Rhodococcus species are generally considered as opportunity human pathogens, in which R. equi is the most described cause of pheumonia in immunocompromised hosts such as AIDS and transplant recipients [1, 3]. Besides, other Rhodococcus human pathogens including R. bronchialis [13, 14], R. rhodochrous [15], R. rubropertinctus [16], R. aurantiacus [17], R. rhodnii [17], R. corynebacterioides [18], and R. fascians [19] are also reported.

    Peritonitis is the main infectious complication in patients undergoing continuous ambulatory peritoneal dialysis (CAPD) in which gram-positive bacteria (60–80% of all isolates) are the most common pathogens [20]. Bacteria from the skin flora and environmental microbes entering the peritoneal cavity through the catheter is the most common cause of infection [20]. There are few reports of PD-associated peritonitis caused by Rhodocuccus spp., including R. equi, R. erythropolis and R. bronchialis [4, 5, 21,22,23]. We report the first clinical PD-associated peritonitis caused by R. kroppenstedtii which was identified by WGS and ANI. R. kroppenstedtii was firstly isolated in the cold desert of the Himalayas, India and established in 2006 [6], while no human infectious report as we known.
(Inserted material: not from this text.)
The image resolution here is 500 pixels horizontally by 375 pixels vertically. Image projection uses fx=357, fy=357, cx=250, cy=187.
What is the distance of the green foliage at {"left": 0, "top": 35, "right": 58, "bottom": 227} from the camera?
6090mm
    R. kroppenstedtii could not be identified by Vitek 2 Compact ANC and matrix-assisted laser desorption/ionization time-of-flight mass spectrometry. Among nucleic acid-based methods, the most powerful approach for revealing reliable phylogenetic relationships is 16S rRNA gene sequence analysis, but it failed to differentiate some Rhodococcus species [2]. In 2019, a case of neonatal oligoarthritis and bactermia caused by Rhodococcus which could not be differentiated between R. corynebacterioides and R. kroppenstedtii by 16S rRNA sequence [18], while DNA-DNA hybridization methods is recommended for the delineation of such species [2].
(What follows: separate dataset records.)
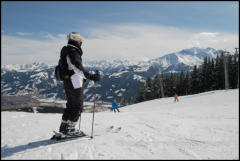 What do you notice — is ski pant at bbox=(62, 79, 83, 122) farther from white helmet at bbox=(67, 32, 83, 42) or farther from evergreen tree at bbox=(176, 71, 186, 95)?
evergreen tree at bbox=(176, 71, 186, 95)

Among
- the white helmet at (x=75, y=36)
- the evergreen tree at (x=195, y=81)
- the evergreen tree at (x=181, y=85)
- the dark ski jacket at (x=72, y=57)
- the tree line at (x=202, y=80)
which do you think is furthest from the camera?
the evergreen tree at (x=181, y=85)

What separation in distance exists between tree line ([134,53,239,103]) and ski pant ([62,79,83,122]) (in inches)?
1712

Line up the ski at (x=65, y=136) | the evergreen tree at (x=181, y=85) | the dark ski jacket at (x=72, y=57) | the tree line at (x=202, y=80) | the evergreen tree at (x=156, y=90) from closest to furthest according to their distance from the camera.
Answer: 1. the dark ski jacket at (x=72, y=57)
2. the ski at (x=65, y=136)
3. the tree line at (x=202, y=80)
4. the evergreen tree at (x=181, y=85)
5. the evergreen tree at (x=156, y=90)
    Accurate species-level identification of isolates from clinical specimens is crucial for understanding their pathogenesis. Unfortunately, most commercial available detection systems are not capable for the identification of Rhodococcus species, suggesting a potential pitfall in conventional clinical microbiology laboratory. Whole genome sequencing provides the opportunity of a comprehensive understanding for genome of bacteria, which has been widely used for bacterial classification, evolution, and surveillance of antibiotic resistant genes [2]. The average pairwise genome aggregate ANI between genomes with JXM12926 and R. kroppenstedtii DSM 44908 was 98.05%, up the 95% ANI cutoff frequently used for species demarcation [11], and supporting the classification of JXM12926 into R. kroppenstedtii. The phylogenetic tree constructed by the OrthoANI distance of the whole genome sequence showed that JXM12926 was grouped into the R. kroppenstedtii cluster.

    Empirical treatment for peritonitis are anti-positive bacteria according International Society for Peritoneal Dialysis (ISPD) guideline [20], while no recommendations for treatment of Rhodococcus-induced peritonitis is included in the guideline. It is reported that macrolide family together with rifampicin are the most effective antibiotic agents for the treatment of Rhodococcus [24]. R. kroppenstedtii JXM12926 in our study shown susceptible to carbapenems, glycopeptides and penicillin. It is suggested that a combination of at least two antimicrobial agents should be used for treatment, including an antibiotic with intracellular activity [2]. Our patient initially received intravenous ceftizoxime, intraperitoneal injection of teicoplanin for empirical treatment. Given the drug sensitivity results, the treatment was changed to intravenous teicoplanin and imipenem. Then, the patient rapidly improved. However, after the arteriovenous fistula angioplasty and discontinuation of imipenem, the patient’s infection symptoms reappeared. It was uncertain whether the recurrence of infection is related to the previous infection control.

    In conclusion, to our knowledge, this is the first case of peritoneal dialysis-associated peritonitis caused by R. kroppenstedtii which was identified by average nucleotide identity analysis based on WGS. The identification process for this strain JXM12926 is sufficient to provide a limited data support for the detailed study on this species of R. kroppenstedtii.